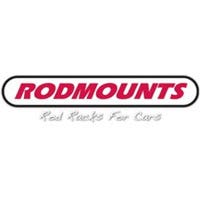 Rodmounts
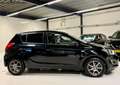 Hyundai i20 1.2i Black pack 2014 |Airco| Nieuw apk! Schwarz - thumbnail 6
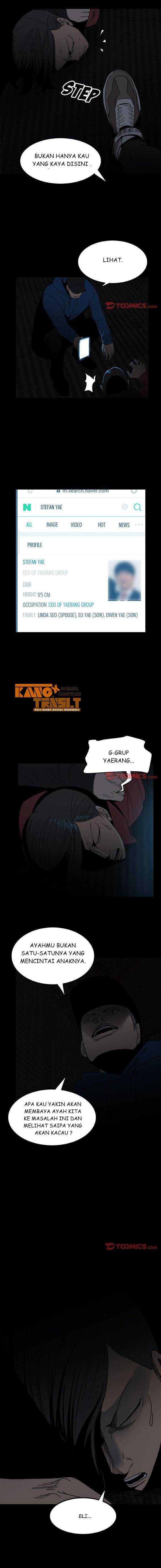 image-komik-the-villain-chapter-67-11/15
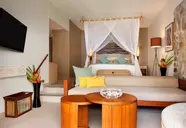 Kempinski Seychelles Resort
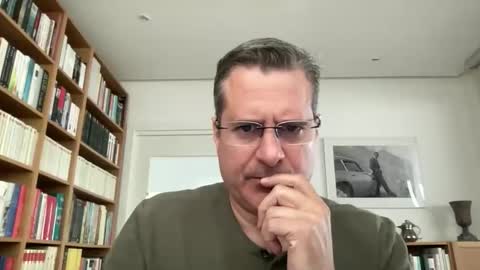 yachtcaptain7 online show from May 2026 11:39:02 AM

■ TASK STATEMENT
Leave every picture out and return exactly the lines from the one holding "image-komik-the-villain-chapter-67-11/15" through the end of the records above, both ends included, and nothing more.

■ SOLUTION
 image-komik-the-villain-chapter-67-11/15
 Kempinski Seychelles Resort
 yachtcaptain7 online show from May 2026 11:39:02 AM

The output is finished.